谢鹤生的毛笔字写得歪歪扭扭, 写完,他立即将纸条叠好,系在了孔明灯下。

笔交给了帝王。

毛笔在冷风中吹得冰凉, 唯独青年握过的地方, 暖得出奇,薄奚季下意识便捏在那里,热度渗透进肌肤, 就好像握着谢鹤生的手在书写。

帝王很满意自己的联想, 大笔一挥,力透纸背。

谢鹤生在一旁踮着脚偷看, 可惜薄奚季身量太高、肩膀太宽,除非钻进帝王怀里, 否则什么也看不见。

谢鹤生遗憾地放弃。

薄奚季写好心愿, 系好孔明灯, 放在了一边。

二人走上城楼,此时天已黑透, 一轮圆月澄澈地铺在天河中, 撒漏下丝绸般的银辉。

城楼上挤满了赏月的人群, 谢鹤生随着帝王的脚步,走到某个无人的角落, 这里的月亮被云层遮了一半,半边光披在谢鹤生肩上, 半边夜融进帝王的衣袍里。

谢鹤生双手搭着城墙, 羽睫掀起:“陛下,月亮。
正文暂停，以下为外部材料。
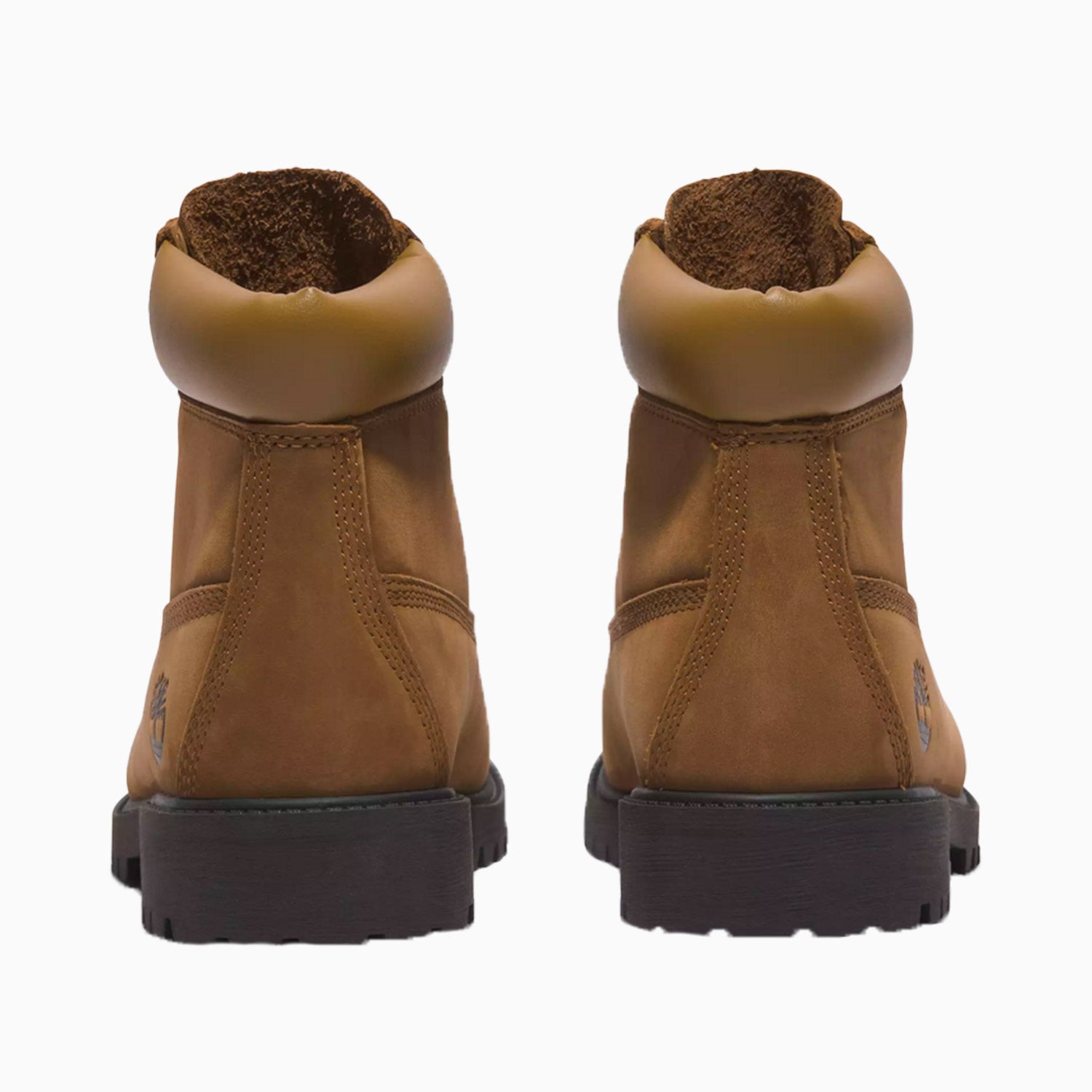 timberland-kids-premium-6-inch-waterproof-boot-grade-school-tb0a5tch715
”

这月比他们在康池县看到的还要大、还要圆,好像能把整个天空占据,旋即谢鹤生反应过来, 原来是因为他们比在康池县时站得更高,离月亮也更近了。

薄奚季侧目注视着他,那圆月落在他的桃花眼里,像两颗明亮的玉盘。

“嗯,”薄奚季说,“月亮。”

二人并肩站在一起,又一次,共同看着月亮。

谢鹤生看得入迷,忽然,薄奚季在一旁说道:“过去,孤在宫中夜宴时见过谢悯一次。”

谢鹤生愣了愣,薄奚季语气平静得像在说一件与自己无关的事:“先帝要他吟一首诗给诸人助兴,他支支吾吾半晌,连半个字也说不出来。那时孤就知道,谢司空的小儿子,是个没什么本事的蠢材。”

谢鹤生瞳孔轻颤,并不是因为薄奚季刻薄的评价,而是他敏锐地捕捉到,薄奚季说这段往事时,用的是“谢悯”。

可他明明就站在薄奚季面前。

心脏激烈地跳动起来,谢鹤生张开嘴,薄奚季却抬手抵在他唇前,制止了他。

微凉的、帝王的体温,在唇上蔓延。

而谢鹤生灼热急促的吐息,则一遍遍拂过帝王的指尖。

“想好了再回答。”薄奚季的目光,如蛇正在绞杀猎物,“谢郎,短短一年,你是如何…像换了个人一样?”

他发现了。

在这样的目光中,已经没有狡辩的必要。

谢鹤生像卸下了多年的重担,紧张之余,更多的却是坦然。

“陛下洞若观火。”谢鹤生斟酌着用词,“此事...我爹他们都不知道,天知地知,...臣知,陛下知。”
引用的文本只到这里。